The miracle itself shows both the power of Christ to change by His will water to wine, and the abundanceor lavishness of Christ to provide, in excess of 100 gallons, the best wine for the marriage feast. John concludes by telling us that the purpose for this miracle was to reveal Christ’s glory. But this is so only for the disciples, to whom it serves as a sign to confirm their faith.

There are a number of lessons that we should learn in this first miracle.

1. It shows that Christ honors marriage. Christ’s presence at this marriage is indeed a high honor paid to the married life. “For this reason the Lord Jesus Christ did also highly honor it with his presence, gifts, and miracles in Cana of Galilee, to show* thereby that this holy state ought to be kept honorably by all, and that he will aid and protect married persons, even when they are the least deserving of it” (Form for the Confirmation of Marriage).

2. It shows that the Christian may engage in legitimate times of rejoicing and happiness (Eccl. 10:9).

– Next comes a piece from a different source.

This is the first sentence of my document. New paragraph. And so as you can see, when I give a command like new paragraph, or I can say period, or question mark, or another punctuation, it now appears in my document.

Jesus was no ascetic who denied Himself times of lawful happiness and the enjoyment of food, wine, and communion (Matt. 11:19). “Here too Christ indicates that he is not displeased with a marriage feast, nor with the things that belong to a wedding such as adornments, cheerfulness, eating, and drinking, according to the usage and custom of the country . . . only so far as these things are used in moderation and in keeping with a marriage” (Martin Luther).

Outline of John 2:1-11

1. The setting for the miracle (vv. 1, 2).

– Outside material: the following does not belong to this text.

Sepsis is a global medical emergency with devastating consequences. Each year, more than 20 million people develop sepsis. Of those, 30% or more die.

2. Mary’s informing Jesus of the lack of wine and the Lord’s instructive rebuke (vv. 3-5).

3. The miracle itself (vv. 6-8).

4. The governor’s commending of the excellence of the wine (vv. 9, 10).

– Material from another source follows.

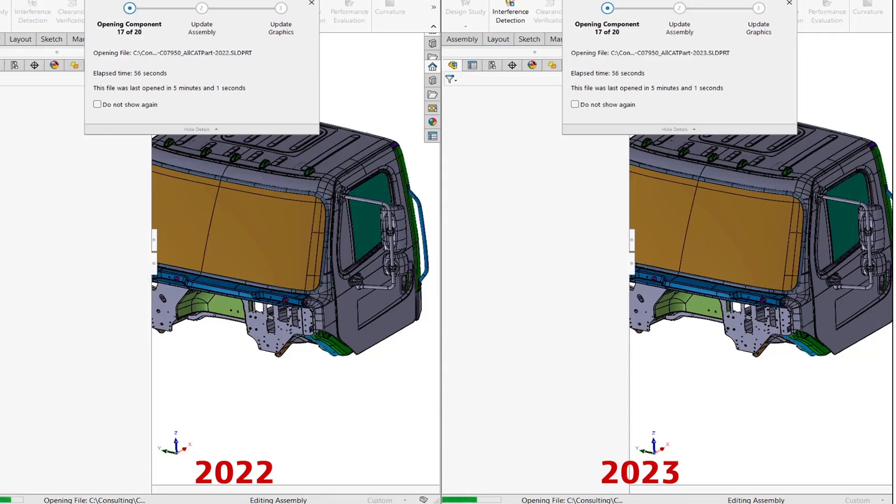So 17 components out of 20 have already been loaded. 2022 caught up. The last three components are the ones that have the biggest number of surface bodies and face level appearances.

5. The notice that this is Christ’s first miracle, the purpose for it, and the effect of it in the disciples (v. 11).


1. What is the “third day” referred to in verse 1?

2. What can be drawn from the passage as to the details of Mary’s role in this marriage; the reason Jesus is invited; and the relation between the married party and either Jesus or His disciples?

3. Discuss what Mary must have been thinking when she informed Jesus that there was no wine. Give other scriptural references which demonstrate what might be called Mary’s “motherly concern for the success of her son.”

4. What is meant by the Lord’s response to Mary in verse 4?

5. Explain the significance of the Lord’s “hour.”

6. Of what is wine a sign in the Bible? references? Discuss the difference between the legitimate use of wine and food and the sin of drunkenness and over-indulgence.

7. Discuss the comfort that Jesus’ presence at this marriage gives to married people (see I Tim. 4:1-3).

8. What was the purpose of Jesus’ miracles? What result or fruit do they have on the believer? on the unbeliever?

9. What are the central lessons to be learned from this miracle?